Despite this, Suntech has lowered its FY shipment guidance from of 2.1 to 2.5 GW, to between 1.8 and 2 GW. It further expects to see a Q3 2012 gross margin in the low single digits range. Commenting, new CEO, David King said, "In the second half of this year, we will continue to drive down cost, negotiate better terms with our suppliers, and stringently manage working capital. We will also manage the balance between price and volume in order to improve margins. For that reason, we have decided to reduce our annual shipment target to the range of 1.8GW to 2.0GW."
Regarding the publication of its actual Q2 results, Suntech said it is "not in a position to provide additional financial data", due to its current assessment of the "potential impact of the GSF investigation and its dispute with a supplier on its consolidated financial statements."
Referring to the news that criminal charges have been filed in Italy against the 80% Suntech-owned Global Solar Fund, S.C.A., Sicar (GSF), claiming it "illegally" built solar farms in the country, communications manager Europe, Björn Emde told pv magazine, "Many solar plants owned by other developers and in the same region of Italy were developed using a similar permit process. We have been advised by GSF management that the permit procedures were in compliance with all the relevant laws and regulations at the time of development. GSF management intends to contest the charges vigorously and expects to achieve a positive outcome."

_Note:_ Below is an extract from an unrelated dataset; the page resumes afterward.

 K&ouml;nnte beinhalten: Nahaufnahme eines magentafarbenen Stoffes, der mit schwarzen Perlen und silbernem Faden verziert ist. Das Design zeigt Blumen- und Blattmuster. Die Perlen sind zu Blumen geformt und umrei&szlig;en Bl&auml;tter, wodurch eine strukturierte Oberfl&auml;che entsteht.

He continued, "GSF management has recently informed Suntech that additional solar plants owned by GSF subsidiaries with a total installed capacity of approximately 17MWp are being investigated, but continue to operate and produce electricity. Suntech is continuing to work with the court-appointed manager and GSF management to further review all of the PV plants in their portfolio and to confirm that they are operating in line with our initial expectations."
In todays statement, King added, "We are continuing to pursue a number of options to refinance our 2013 convertible notes and intend to address this issue in the near future. In addition, we are making good progress with our due diligence of GSF assets and we will provide an update when we have new developments."